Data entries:
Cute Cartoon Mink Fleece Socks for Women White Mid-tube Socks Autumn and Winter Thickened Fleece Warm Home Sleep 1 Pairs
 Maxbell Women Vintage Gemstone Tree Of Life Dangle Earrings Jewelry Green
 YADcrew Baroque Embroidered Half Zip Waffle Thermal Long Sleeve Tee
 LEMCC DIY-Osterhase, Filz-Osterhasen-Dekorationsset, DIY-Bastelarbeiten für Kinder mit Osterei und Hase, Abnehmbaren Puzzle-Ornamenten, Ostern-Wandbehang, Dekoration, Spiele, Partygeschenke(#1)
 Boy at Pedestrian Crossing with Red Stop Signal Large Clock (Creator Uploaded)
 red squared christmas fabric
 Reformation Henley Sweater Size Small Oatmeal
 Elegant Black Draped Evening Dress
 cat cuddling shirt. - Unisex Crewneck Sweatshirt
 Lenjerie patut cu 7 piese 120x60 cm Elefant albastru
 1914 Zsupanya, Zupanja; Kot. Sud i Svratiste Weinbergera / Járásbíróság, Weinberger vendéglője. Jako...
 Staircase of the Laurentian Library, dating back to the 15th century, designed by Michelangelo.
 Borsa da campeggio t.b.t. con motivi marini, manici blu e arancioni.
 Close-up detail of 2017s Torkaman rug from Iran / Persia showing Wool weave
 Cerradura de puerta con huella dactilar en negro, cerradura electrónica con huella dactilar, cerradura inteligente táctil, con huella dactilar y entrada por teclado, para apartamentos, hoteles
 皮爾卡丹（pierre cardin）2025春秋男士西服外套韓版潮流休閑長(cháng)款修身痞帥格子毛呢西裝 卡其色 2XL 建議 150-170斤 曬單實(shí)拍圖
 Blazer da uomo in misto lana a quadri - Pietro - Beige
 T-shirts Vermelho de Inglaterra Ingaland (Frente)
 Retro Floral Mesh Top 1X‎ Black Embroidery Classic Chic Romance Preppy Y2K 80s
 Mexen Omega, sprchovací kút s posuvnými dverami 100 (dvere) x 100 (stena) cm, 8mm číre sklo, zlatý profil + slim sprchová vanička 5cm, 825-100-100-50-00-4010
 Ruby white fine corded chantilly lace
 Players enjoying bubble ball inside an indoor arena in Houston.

WHAT YOU NEED TO DO. Check each line of the records for the string "Black" and copy those that have it.

THE ANSWER.
 Elegant Black Draped Evening Dress
 Retro Floral Mesh Top 1X‎ Black Embroidery Classic Chic Romance Preppy Y2K 80s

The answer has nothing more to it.